The new bill aims to clear the growing foreclosured properties’ backlog by allowing buyers to dip without penalty. The bill would amend the IRS tax code, so that qualified individuals could use distributions as a down payment to purchase residences that have been in foreclosure status for one year or more.
Typically, pulling funds out of an IRA, 401k, or similar retirement accounts prematurely would call for early distribution penalties, but Florida Congressman (and real estate agent) Bill Posey is hoping the IRS will waive it for the greater good. US Rep. Posey introduced the bill in the US House last week, and it was referred to the Committee on Ways and Means.

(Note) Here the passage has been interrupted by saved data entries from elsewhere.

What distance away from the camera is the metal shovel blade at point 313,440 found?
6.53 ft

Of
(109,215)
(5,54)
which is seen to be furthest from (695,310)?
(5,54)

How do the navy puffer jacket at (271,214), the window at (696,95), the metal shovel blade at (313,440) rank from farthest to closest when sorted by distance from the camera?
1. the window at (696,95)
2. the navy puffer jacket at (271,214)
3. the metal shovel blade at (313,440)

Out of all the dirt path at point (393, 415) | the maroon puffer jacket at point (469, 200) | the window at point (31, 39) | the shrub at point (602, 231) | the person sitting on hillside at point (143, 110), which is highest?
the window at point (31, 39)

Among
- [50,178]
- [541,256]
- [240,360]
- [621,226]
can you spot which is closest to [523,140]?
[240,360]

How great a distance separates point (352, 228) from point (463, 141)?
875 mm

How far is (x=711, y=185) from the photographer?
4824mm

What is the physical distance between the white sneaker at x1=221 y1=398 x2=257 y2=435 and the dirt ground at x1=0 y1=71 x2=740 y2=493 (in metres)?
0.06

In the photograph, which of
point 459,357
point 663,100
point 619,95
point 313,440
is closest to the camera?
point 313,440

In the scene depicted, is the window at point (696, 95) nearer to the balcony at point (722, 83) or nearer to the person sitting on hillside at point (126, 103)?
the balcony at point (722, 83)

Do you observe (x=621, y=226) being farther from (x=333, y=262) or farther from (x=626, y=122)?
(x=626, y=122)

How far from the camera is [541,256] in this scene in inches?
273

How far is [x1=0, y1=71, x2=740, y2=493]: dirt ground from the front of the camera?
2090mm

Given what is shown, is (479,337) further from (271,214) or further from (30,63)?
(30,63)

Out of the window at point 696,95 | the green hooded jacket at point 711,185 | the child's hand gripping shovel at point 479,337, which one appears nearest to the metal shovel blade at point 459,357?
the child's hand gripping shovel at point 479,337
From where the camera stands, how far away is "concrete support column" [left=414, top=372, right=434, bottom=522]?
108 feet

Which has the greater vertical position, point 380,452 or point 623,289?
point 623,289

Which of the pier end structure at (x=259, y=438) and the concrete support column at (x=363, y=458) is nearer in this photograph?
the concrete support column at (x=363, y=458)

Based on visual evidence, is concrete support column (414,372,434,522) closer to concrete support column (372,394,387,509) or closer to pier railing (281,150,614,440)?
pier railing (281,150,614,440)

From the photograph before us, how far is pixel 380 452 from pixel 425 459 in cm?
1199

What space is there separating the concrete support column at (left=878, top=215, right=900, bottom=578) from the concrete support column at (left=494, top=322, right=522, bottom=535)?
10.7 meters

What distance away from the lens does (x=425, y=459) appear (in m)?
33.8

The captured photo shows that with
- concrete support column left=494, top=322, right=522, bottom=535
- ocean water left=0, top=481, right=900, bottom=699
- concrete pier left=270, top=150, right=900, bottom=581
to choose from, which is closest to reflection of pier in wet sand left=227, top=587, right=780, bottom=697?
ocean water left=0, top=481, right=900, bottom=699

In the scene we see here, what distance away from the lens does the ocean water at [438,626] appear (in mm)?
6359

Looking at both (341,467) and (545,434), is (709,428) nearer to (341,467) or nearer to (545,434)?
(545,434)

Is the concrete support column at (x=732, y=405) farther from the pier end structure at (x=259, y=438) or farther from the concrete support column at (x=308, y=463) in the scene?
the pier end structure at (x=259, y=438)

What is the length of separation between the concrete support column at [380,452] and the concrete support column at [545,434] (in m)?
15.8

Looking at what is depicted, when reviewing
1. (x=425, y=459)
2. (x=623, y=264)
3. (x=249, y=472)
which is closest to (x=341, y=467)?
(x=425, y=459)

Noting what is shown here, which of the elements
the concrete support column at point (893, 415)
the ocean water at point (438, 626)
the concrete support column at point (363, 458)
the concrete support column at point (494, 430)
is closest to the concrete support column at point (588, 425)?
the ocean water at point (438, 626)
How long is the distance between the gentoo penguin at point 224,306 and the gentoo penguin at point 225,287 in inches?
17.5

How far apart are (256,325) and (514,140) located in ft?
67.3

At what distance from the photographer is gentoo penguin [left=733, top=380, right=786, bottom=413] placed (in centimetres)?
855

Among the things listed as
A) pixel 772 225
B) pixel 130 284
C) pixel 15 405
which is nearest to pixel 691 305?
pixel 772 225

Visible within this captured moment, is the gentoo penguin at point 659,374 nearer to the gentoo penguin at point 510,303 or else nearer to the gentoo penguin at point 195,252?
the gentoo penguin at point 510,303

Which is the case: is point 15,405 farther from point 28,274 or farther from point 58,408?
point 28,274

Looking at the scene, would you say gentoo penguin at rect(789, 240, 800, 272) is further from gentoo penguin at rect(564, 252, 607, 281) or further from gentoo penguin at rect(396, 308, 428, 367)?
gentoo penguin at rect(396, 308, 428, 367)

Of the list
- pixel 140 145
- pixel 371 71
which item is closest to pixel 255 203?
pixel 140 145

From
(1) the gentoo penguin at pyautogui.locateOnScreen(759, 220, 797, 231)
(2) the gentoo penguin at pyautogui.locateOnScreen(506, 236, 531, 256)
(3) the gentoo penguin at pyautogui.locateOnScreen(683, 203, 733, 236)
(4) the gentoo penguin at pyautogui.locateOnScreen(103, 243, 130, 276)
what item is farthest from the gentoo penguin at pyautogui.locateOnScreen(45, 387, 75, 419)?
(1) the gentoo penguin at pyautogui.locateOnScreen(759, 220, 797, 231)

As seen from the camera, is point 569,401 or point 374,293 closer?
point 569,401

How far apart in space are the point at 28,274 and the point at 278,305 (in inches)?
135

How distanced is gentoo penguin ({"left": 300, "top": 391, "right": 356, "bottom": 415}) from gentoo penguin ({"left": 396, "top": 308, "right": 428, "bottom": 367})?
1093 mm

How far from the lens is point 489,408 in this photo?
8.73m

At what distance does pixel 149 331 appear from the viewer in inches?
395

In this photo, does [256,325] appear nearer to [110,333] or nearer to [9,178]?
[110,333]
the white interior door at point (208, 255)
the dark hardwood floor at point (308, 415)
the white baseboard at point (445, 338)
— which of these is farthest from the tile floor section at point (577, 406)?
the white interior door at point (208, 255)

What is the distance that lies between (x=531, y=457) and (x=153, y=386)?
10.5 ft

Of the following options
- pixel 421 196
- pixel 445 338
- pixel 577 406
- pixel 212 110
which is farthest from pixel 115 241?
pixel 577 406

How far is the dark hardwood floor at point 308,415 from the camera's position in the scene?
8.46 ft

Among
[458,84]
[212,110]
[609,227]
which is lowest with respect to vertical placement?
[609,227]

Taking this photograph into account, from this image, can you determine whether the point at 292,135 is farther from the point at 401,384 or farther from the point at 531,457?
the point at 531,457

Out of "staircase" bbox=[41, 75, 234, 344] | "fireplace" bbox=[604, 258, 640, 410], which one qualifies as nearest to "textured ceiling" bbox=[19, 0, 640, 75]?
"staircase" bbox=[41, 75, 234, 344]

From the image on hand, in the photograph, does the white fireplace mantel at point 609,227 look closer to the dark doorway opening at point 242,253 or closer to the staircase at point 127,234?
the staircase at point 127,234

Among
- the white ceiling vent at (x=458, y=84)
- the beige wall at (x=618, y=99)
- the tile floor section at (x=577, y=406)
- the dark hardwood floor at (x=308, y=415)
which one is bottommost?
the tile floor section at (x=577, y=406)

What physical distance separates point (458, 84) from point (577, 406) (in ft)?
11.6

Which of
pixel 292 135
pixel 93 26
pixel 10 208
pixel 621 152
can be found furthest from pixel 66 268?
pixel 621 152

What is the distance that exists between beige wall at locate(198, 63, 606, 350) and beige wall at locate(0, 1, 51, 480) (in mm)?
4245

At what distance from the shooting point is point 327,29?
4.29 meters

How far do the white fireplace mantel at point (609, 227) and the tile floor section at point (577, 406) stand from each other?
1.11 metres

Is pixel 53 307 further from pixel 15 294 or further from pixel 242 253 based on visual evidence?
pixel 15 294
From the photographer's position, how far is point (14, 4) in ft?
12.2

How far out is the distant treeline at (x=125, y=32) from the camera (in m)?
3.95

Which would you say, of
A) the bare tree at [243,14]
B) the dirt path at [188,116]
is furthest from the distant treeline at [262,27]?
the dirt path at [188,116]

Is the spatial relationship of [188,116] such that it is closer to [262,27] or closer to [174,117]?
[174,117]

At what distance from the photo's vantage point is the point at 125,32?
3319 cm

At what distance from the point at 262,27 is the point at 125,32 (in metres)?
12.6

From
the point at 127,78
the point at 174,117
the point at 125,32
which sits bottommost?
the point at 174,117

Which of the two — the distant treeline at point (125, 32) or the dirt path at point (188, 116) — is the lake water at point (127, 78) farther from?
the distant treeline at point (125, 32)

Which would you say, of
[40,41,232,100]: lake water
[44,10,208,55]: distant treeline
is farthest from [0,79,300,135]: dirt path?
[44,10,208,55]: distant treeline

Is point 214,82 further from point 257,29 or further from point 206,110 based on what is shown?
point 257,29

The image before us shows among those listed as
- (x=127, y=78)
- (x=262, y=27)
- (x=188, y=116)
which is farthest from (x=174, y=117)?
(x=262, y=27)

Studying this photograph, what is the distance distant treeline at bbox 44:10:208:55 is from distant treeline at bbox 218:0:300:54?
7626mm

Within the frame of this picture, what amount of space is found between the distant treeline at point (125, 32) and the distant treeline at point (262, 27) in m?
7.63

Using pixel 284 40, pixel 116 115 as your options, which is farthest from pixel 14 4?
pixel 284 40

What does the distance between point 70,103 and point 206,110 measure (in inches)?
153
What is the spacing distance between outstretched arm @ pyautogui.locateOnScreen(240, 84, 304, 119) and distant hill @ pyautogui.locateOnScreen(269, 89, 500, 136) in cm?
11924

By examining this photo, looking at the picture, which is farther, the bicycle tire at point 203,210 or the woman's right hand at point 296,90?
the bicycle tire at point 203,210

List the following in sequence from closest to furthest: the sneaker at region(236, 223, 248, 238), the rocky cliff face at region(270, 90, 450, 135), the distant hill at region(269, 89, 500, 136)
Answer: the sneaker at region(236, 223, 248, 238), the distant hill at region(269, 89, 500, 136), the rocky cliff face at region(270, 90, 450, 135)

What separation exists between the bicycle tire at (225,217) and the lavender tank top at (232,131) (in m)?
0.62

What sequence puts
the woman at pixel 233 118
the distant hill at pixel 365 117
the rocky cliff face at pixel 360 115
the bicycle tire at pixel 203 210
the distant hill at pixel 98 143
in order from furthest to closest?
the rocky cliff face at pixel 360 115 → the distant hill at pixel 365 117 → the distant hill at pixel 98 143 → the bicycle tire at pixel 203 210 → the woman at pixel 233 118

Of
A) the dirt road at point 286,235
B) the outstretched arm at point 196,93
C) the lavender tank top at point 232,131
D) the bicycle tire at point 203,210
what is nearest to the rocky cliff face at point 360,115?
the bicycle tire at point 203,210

If it is passed, it will come with a few requirements:
- The subject property must have been in foreclosure for one or more years;
- The retirement funds must be used within 120 days of the close of purchase;
- The foreclosed property must be held be the buyer for a minimum of two years to avoid any early distribution penalties. It will not allow investors to “flip” properties.
The bill is aimed at promoting sustainable homeownership, while giving homeowners a tax break. Let’s hope the Congress can move on this!